The Gangmasters’ Licensing Authority (GLA) has welcomed an invitation from the Prime Minister to join her task force to tackle modern slavery.
One year on from the Modern Slavery Act, the government is now beginning a more co-ordinated policy to try to eradicate modern slavery in the UK, where between 10,00 and 13,000 people are thought to be living as slaves.
The new taskforce, which will be chaired by May, aims to do more to bring perpetrators to justice, including fresh produce firms and recruiters that exploit seasonal workers from Eastern Europe.
In 2013 a BBC investigation revealed that migrant workers in the Fens were being brought in on the promise of non-existent work and housed in overcrowded accommodation, with some being paid less than £1 a week.
The taskforce, which will support victims both domestically and overseas, will focus on four key objectives:
1) Combining the fight against modern slavery with resources to tackle other forms of organised crime, through increased investigation and intelligence
2) Increasing and improving investigations into the perpetrators of modern slavery
3) Improving successful prosecution levels with further education of prosecuting authorities on modern slavery
4) Boosting international cooperation to tackle modern slavery.
Alongside the PM and the GLA’s chief executive Paul Broadbent, the taskforce will be made up of the heads of all three intelligence agencies – Mi5, Mi6 and GCHQ – as well as the Metropolitan Police commissioner, the head of Europol and the secretary general of Interpol.

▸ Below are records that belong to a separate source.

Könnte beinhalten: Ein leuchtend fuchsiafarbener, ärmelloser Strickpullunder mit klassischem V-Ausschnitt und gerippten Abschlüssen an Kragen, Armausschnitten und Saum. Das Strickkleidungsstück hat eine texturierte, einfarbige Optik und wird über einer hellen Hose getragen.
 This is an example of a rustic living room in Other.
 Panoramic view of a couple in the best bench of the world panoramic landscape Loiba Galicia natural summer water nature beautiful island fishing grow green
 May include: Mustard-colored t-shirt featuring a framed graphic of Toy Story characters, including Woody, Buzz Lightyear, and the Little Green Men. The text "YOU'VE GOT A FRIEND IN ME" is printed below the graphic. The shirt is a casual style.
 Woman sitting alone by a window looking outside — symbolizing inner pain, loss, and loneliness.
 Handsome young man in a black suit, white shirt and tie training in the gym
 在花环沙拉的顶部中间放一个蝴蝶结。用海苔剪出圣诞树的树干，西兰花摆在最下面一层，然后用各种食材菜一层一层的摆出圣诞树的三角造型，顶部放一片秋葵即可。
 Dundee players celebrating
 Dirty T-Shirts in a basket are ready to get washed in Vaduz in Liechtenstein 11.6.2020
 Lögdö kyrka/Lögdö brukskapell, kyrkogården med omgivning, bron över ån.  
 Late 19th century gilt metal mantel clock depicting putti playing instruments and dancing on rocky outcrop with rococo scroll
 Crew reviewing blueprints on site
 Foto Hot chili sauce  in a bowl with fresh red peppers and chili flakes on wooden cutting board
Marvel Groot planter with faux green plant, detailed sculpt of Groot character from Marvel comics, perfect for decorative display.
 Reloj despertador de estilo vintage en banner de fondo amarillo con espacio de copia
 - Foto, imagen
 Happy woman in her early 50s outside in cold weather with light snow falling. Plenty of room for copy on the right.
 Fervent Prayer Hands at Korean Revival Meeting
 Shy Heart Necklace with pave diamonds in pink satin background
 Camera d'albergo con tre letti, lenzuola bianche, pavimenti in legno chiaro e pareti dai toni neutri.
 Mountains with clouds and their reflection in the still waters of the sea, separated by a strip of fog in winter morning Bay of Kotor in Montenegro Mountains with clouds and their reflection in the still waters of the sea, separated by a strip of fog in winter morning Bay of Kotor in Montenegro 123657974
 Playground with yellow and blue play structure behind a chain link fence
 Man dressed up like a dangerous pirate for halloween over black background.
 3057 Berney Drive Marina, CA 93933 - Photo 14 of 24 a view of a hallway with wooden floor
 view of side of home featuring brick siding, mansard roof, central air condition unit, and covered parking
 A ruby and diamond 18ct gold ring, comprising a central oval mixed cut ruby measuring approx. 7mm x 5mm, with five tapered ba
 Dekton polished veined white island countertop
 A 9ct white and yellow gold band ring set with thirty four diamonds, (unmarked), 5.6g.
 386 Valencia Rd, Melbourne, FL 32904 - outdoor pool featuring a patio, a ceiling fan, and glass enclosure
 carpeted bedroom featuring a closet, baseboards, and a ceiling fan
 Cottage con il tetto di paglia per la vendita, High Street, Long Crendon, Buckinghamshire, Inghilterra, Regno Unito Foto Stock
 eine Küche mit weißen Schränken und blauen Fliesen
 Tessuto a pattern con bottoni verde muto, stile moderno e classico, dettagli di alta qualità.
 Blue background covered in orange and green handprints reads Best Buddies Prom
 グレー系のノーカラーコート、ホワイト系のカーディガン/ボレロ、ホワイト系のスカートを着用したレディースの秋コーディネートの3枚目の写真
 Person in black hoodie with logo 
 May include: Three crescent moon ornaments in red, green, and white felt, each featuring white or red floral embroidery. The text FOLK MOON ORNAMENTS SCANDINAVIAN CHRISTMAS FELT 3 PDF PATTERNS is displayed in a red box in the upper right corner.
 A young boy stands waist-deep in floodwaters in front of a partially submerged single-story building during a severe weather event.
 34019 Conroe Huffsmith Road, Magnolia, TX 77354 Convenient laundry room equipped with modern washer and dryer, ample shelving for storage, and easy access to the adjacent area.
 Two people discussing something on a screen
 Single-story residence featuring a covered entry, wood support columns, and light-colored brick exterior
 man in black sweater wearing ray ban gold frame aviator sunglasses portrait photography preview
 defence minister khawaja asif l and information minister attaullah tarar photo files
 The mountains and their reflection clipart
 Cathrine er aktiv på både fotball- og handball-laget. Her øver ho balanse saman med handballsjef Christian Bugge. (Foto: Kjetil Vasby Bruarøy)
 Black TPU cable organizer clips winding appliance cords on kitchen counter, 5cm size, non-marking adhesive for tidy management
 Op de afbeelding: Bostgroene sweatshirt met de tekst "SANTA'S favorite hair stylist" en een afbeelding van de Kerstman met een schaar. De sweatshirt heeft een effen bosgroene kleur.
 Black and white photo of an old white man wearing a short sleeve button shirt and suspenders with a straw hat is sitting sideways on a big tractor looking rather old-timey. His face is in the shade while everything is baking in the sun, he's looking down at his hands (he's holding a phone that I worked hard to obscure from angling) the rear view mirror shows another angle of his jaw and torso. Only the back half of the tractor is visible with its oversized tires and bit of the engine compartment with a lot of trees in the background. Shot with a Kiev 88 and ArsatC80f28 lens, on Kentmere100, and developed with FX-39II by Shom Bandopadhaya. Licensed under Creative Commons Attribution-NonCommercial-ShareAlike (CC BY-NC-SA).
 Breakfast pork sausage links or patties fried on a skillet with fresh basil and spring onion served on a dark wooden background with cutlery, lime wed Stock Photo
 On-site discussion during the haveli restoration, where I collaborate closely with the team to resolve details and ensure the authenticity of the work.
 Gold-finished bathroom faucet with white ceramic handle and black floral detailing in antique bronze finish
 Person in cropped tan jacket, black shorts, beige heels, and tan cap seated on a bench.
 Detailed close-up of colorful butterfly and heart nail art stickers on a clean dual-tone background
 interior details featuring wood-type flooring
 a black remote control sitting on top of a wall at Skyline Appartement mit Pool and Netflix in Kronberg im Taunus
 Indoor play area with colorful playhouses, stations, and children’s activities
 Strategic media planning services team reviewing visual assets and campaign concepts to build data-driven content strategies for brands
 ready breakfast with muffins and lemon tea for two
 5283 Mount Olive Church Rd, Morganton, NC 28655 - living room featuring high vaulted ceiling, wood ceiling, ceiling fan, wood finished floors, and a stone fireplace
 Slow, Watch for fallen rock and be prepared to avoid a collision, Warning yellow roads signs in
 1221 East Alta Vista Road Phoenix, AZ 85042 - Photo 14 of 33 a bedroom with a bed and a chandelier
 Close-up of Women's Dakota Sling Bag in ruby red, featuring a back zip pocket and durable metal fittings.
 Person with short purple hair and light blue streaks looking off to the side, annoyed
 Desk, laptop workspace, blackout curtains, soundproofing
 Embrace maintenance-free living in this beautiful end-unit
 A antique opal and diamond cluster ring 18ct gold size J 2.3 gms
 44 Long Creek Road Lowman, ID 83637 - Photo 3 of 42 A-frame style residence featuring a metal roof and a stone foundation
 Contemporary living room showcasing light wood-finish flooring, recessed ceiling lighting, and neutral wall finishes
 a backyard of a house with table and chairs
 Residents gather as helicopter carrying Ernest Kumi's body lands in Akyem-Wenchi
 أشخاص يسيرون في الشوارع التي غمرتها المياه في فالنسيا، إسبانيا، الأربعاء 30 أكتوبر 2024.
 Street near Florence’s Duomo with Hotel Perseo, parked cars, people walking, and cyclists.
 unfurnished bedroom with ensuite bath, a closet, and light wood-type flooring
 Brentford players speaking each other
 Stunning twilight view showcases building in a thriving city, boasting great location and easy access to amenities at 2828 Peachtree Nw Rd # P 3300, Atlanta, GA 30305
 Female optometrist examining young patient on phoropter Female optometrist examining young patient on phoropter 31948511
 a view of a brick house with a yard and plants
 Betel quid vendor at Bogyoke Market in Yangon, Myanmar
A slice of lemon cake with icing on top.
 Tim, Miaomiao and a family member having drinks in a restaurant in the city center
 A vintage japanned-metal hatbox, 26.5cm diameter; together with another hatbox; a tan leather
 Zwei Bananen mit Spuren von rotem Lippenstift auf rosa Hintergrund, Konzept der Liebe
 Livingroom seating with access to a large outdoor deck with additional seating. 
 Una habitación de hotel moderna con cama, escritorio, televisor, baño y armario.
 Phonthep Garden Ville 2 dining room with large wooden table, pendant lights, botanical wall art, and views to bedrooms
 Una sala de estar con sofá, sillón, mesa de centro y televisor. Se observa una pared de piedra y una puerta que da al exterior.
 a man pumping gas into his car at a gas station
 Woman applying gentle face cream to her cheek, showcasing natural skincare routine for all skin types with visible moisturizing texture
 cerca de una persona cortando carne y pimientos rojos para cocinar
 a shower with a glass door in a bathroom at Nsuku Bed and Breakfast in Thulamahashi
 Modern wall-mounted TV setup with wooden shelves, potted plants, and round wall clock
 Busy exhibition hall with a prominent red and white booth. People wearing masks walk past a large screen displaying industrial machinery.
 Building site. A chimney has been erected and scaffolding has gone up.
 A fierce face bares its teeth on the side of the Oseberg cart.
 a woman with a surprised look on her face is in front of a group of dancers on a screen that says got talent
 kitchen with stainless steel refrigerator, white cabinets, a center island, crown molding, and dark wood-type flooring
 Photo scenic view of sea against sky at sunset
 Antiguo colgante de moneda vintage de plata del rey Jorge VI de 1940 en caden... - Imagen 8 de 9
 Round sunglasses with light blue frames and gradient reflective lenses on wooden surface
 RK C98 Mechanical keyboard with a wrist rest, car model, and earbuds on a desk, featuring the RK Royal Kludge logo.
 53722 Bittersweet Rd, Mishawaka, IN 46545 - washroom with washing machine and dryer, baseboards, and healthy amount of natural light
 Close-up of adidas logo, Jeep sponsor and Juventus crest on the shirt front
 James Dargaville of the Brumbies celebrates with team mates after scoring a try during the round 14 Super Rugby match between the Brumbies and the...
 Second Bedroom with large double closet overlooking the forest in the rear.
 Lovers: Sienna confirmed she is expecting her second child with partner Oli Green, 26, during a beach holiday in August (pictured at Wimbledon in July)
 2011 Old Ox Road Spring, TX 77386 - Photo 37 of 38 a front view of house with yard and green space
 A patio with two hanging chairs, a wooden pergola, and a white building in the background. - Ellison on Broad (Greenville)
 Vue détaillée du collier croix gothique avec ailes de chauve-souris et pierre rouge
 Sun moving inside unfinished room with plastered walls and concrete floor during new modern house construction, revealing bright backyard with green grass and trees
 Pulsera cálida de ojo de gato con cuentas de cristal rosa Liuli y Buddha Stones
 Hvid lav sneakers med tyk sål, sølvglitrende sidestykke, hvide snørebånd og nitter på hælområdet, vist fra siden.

May said: “Across the world an estimated 45 million people are enduring experiences that are simply horrifying in their inhumanity. That’s why I am determined to drive forward international action to eradicate modern slavery.
“Just as the criminals cross borders, so we need a radical new approach that crosses borders – sharing intelligence and joining up investigations.”
Alongside the taskforce, the Government has earmarked £33 million from the UK aid budget to tackle modern slavery in high risk countries, where victims are known to be trafficked regularly to the UK.
The taskforce is expected to meet for the first time next month.